# Is there a tropheus that would go well shellies



## Mr Dinks (Sep 23, 2008)

Just asking some views. I have 2 small calvus too


----------



## Fogelhund (Dec 3, 2002)

No.


----------



## RayQ (Sep 26, 2007)

I would say that as long as you aren't looking to save any shellie fry - go for it. . . I kept a trio of Lamp Occelatus "Gold" with a colony of 26 T. Brichardii "Ulwile" no problems. There was always lamp fry all over the tank, no biggie. Shellies are generally tough little customers and can stand up for themselves quite well, if you are worried about "protien" being ingested by the trophs - you will have to decide if you feel it's a risk or not. Just my 0.02 - not trying to ruffle feathers.

Ray


----------



## 24Tropheus (Jun 21, 2006)

Quite sure a pair of Lepidiolamprologus hecqui or Telmatochromis burgeoni would more than stand up for themselves. The smaller more generally available shellys would perhaps have a harder time long term. It is though an odd mix and will impact hard on Tropheus breeding and raising.
What size tank are we talking about because they will take up room that the Tropheus group might need in a small tank.
As for Type of Tropheus well most I have tried are fine for this sort of mix.
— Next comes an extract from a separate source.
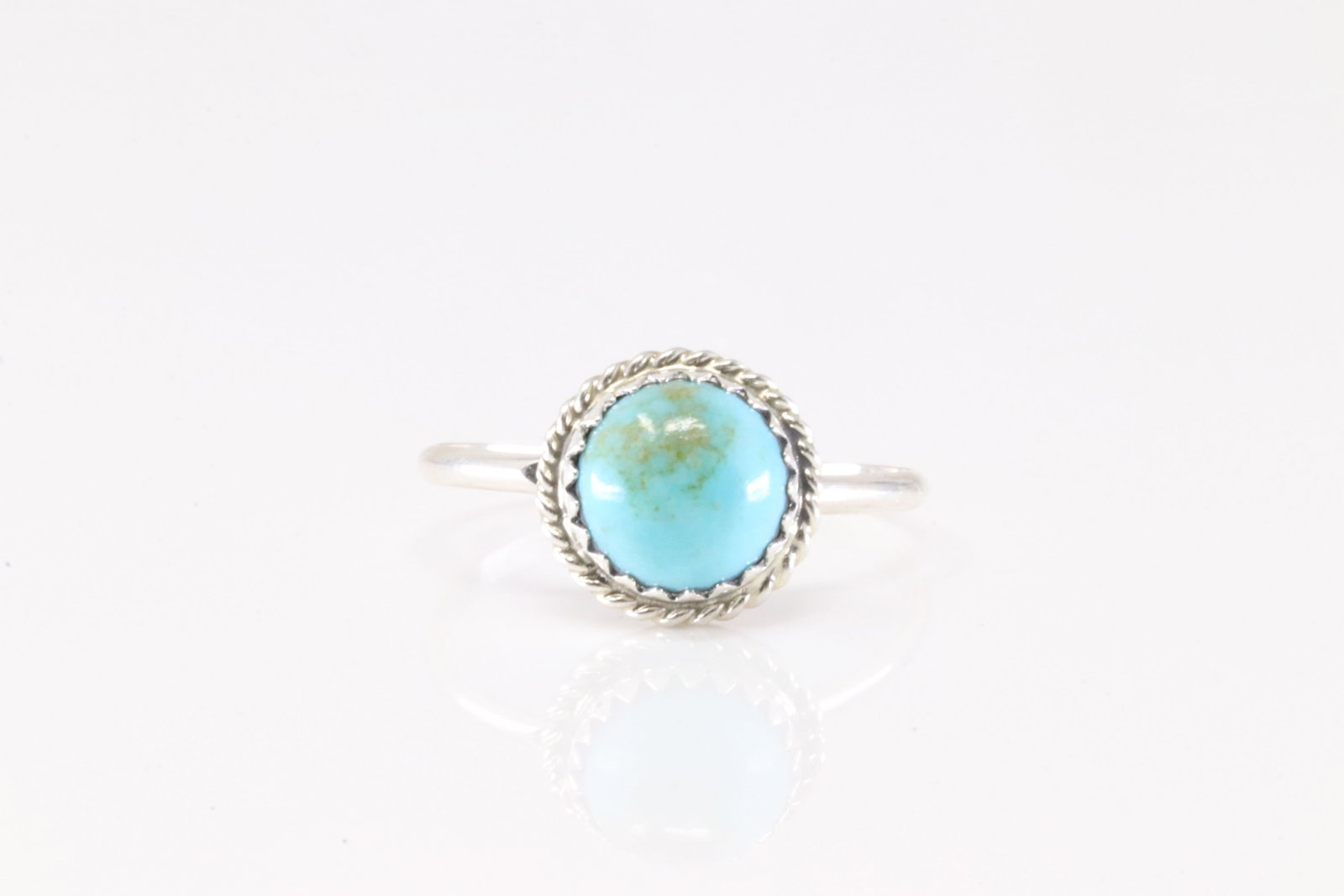Native America Navajo Sterling Silver Turquoise Ring By Esther White.: This is a Native America Navajo Sterling Silver Turquoise Ring By Esther White. Stamp EW. Rimg Size: 8.50.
Not much difference between them is I guess what I am trying to say, all mine have generally left shellys to their own area. brevis though I found to delicate (unwilling/unable to stand up for itself enough for a Tropheus tank).

calvus can be overawed by Tropheus activity and you have to compromise their diet to suit the Tropheus so its not the best mix but seen a lot worse work.


----------



## Fogelhund (Dec 3, 2002)

This poster has multifasciatus AND similis. They aren't going to stand up to the Tropheus.


----------



## BrownBullhead (May 15, 2005)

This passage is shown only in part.